As the National Nuclear Security Administration ramps up spending on nuclear-weapon refurbishments, the Kansas City, Mo., plant that produces the non-nuclear components of these weapons is rushing to expand the footprint it right-sized in 2012, and preparing to lease more production space this summer.
That is according to a report released Friday by the Government Accountability Office (GAO), “Modernizing the Nuclear Security Enterprise: NNSA Is Taking Action to Manage Increased Workload at Kansas City National Security Campus.”
To cope with the near-term demand, the Honeywell-managed Kansas City National Security Campus site plans to lease an unspecified amount of commercial space to store unclassified materials off site. That will free up some production space at the main site, GAO wrote, but will still require the site to lease around 250,000 feet of additional production space — roughly 30 percent more than the total production space available now at the plant, according to GAO.

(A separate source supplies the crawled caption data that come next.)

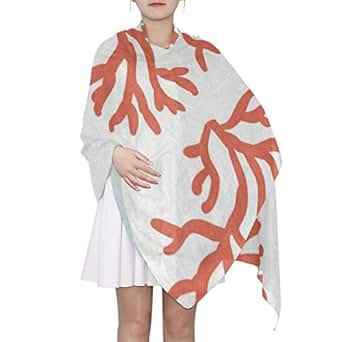 Scarf Cartoon Coral Reef Ocean Womens Shawl Wrap Thin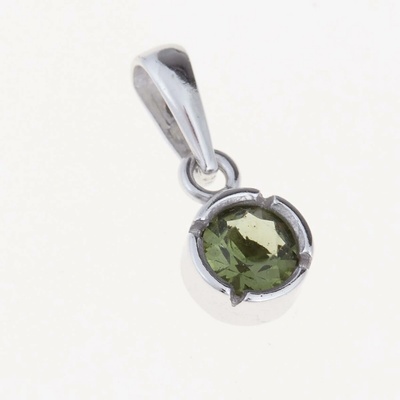 My Moldavite Stříbrný přívěsek s vltavínem 1032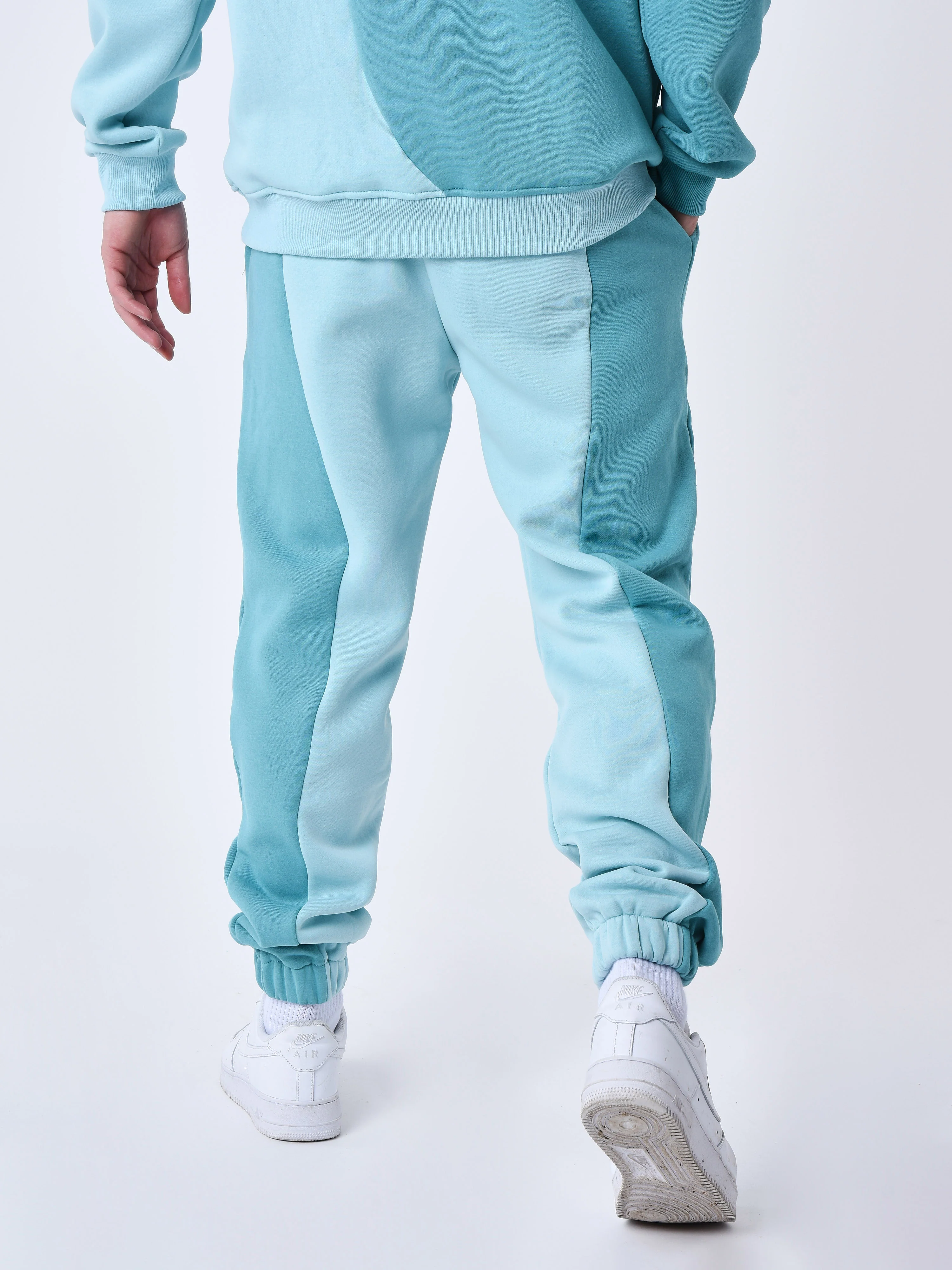 Bas de jogging bicolore style vague - Image 5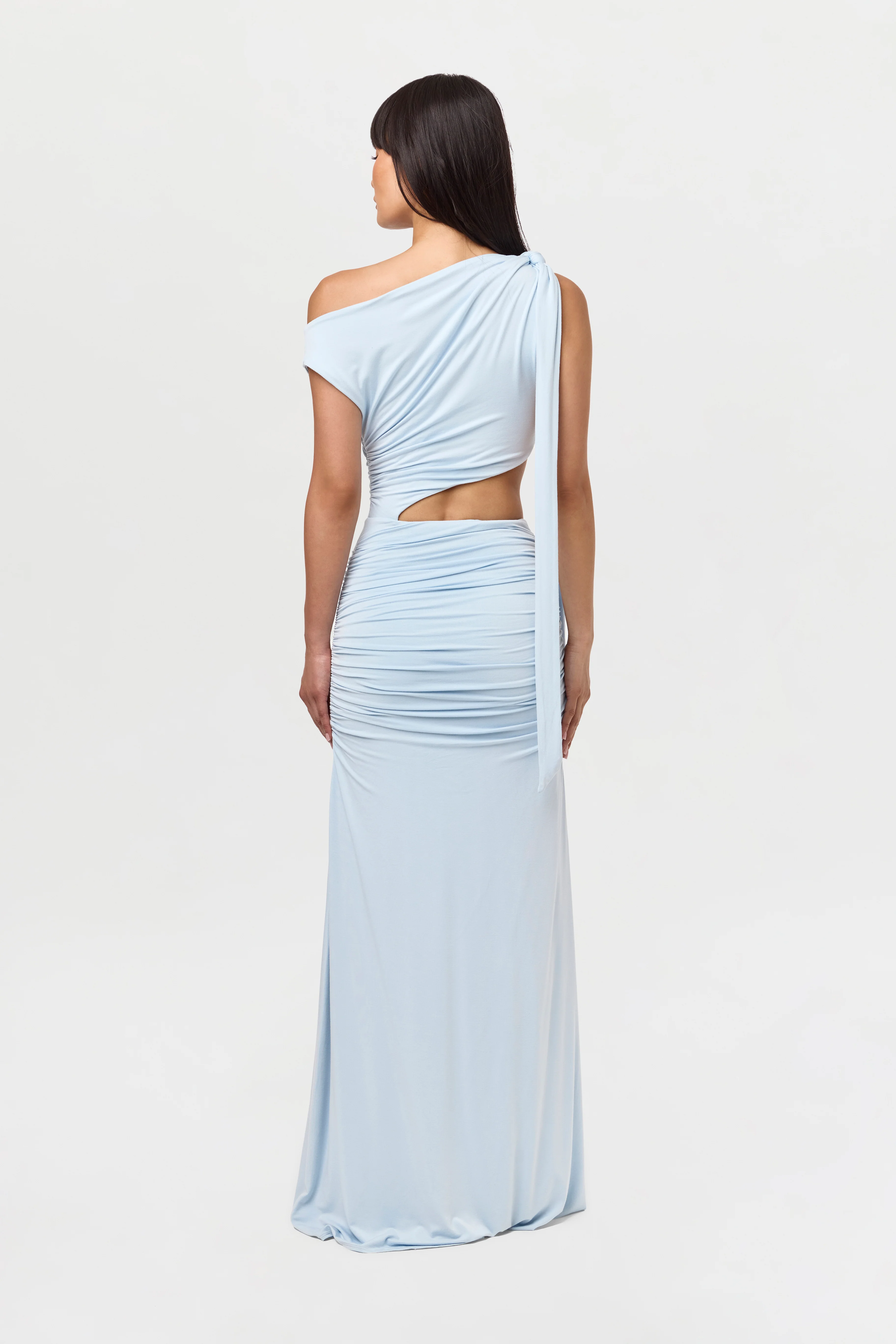 Smooth Off-Shoulder Asymmetric Dress - Image 14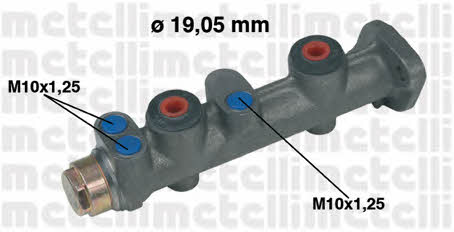 Metelli 05-0023 Brake Master Cylinder 050023
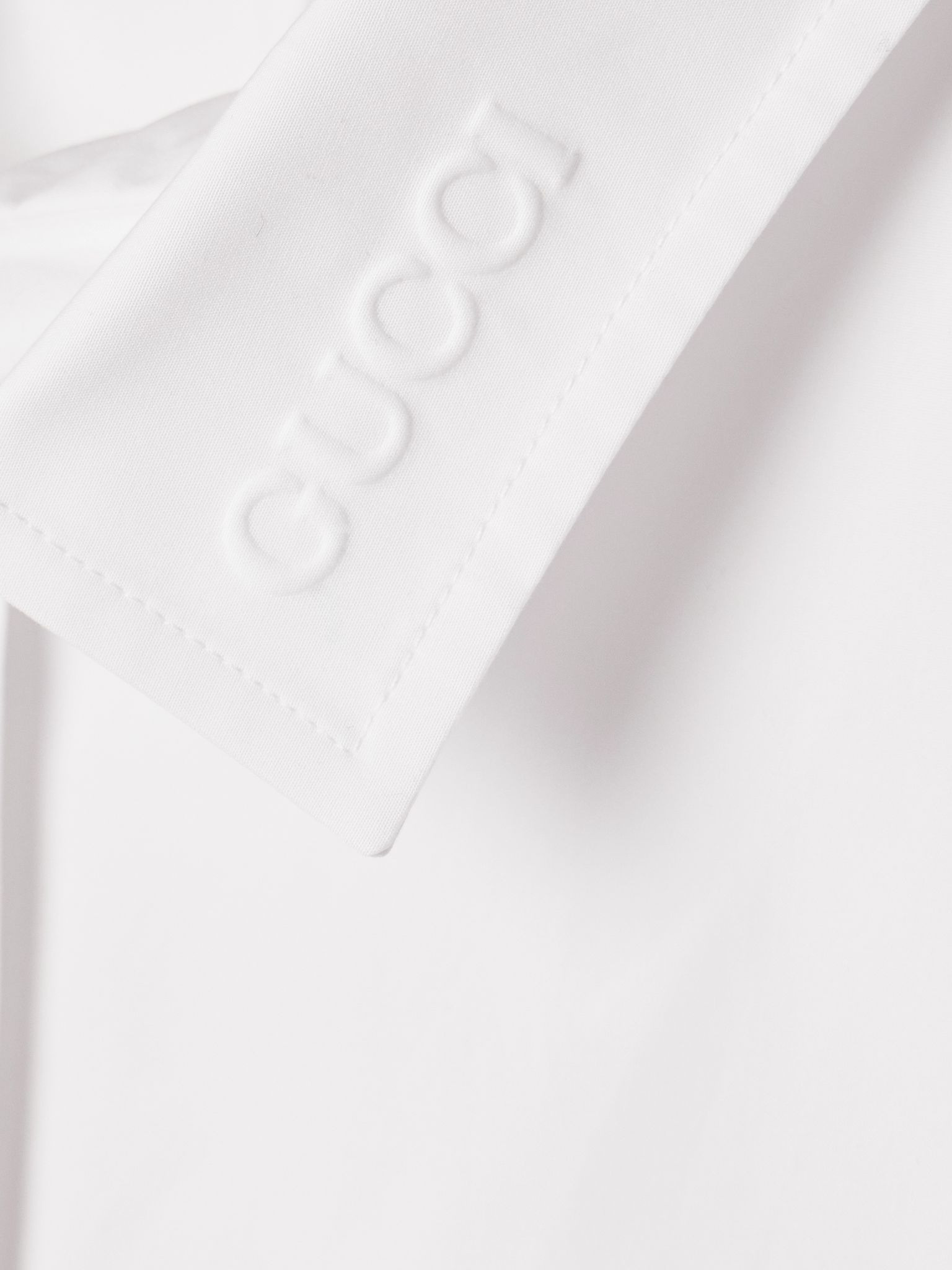 Oversized cotton-poplin shirt White - 5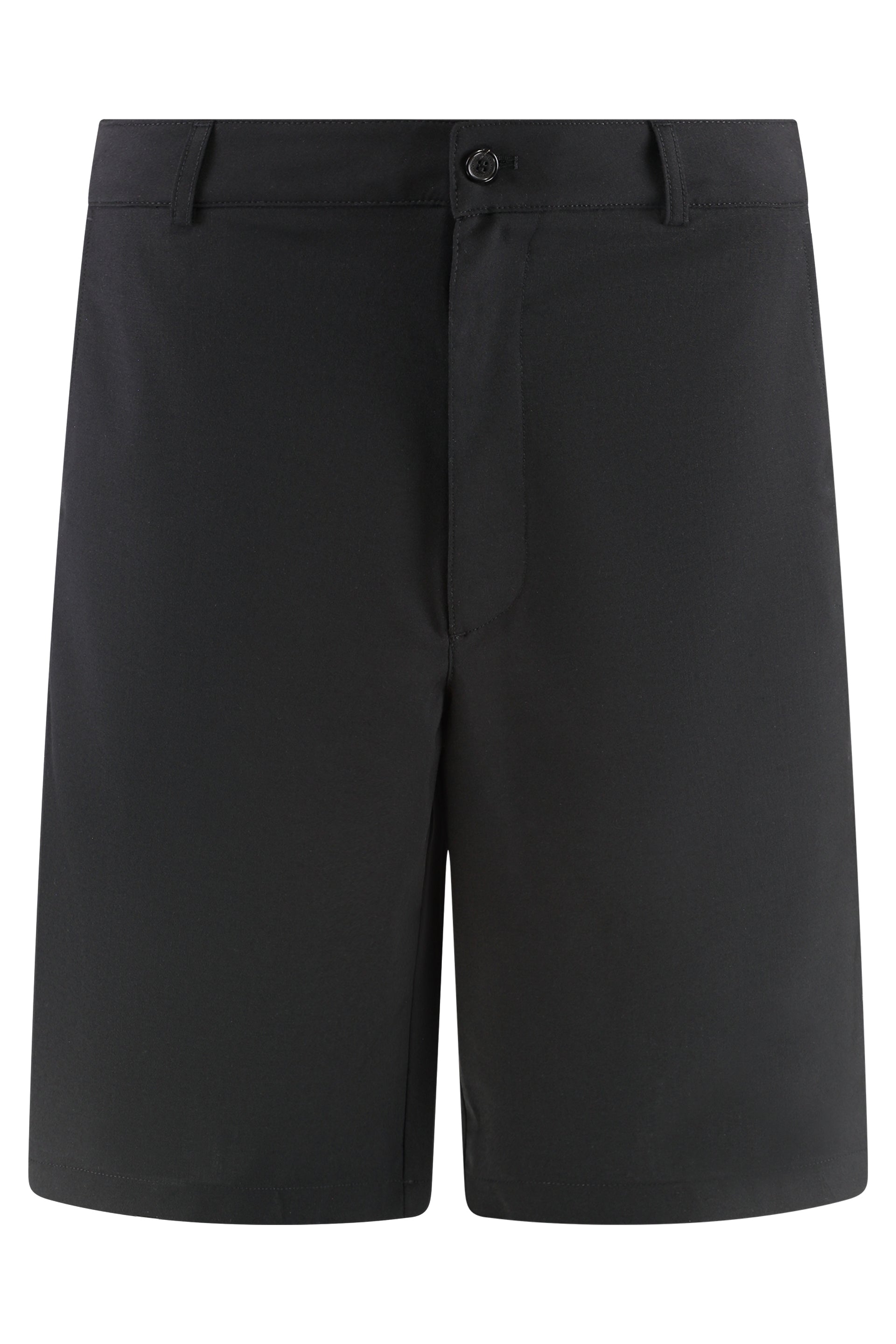 Wool-Blend Techno Fabric Bermuda Shorts — Black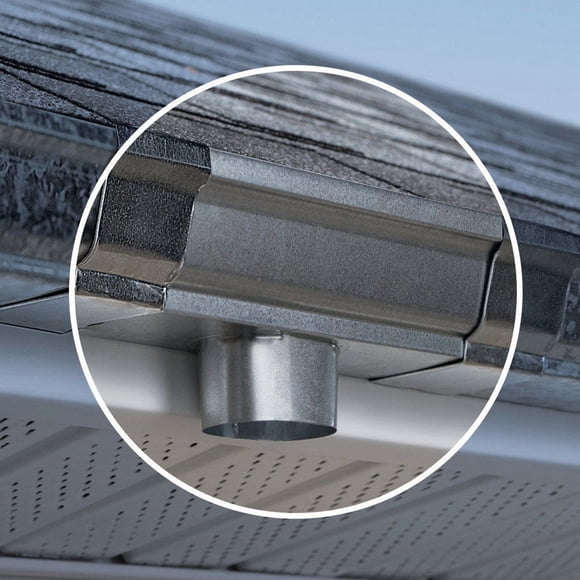 Salida de bajante Amerimax de aluminio metálico C de 3 x 2 pulgadas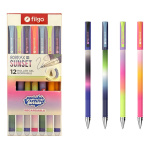 Lapiceras Bolígrafos Borrables Filgo Borrax Sunset X 12 Unid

NNSA headquarters must approve the request to lease additional production space, GAO said. The plant expects to award the competitively selected production-space lease “by summer 2019.” according to GAO’s report.
In 2012, NNSA moved production of non-nuclear weapons parts out of a World War II-era facility with about 3 million square feet of production space and into the current facility, which has roughly 1 million square feet of production space, GAO wrote.
Long term, GAO said, the modern Kansas City site needs 400,000 additional square feet of production and administrative space to handle work expected for: the B61-12 gravity bomb life-extension; the W80-4 air-launched, cruise-missile warhead life-extension; and a major alteration for the W88 submarine-launched ballistic-missile warhead.
Such an expansion would take five years to complete, once it starts, and would increase Kansas City’s footprint by about half, according to Friday’s report. GAO did not say when construction might start.
The Kansas City National Security Campus will conduct an analysis of alternatives for the expansion and then “submit a combined office and production space expansion project plan to NNSA, which will determine final costs and timelines,” GAO wrote in the report. The congressional watchdog did not say when Kansas City expects to complete the analysis, which will set NNSA’s strategy for expanding the plant.
Editor’s note, 04/16/2019, 10:55 Eastern: NNSA’s facility in Missouri is now known as the Kansas City National Security Campus.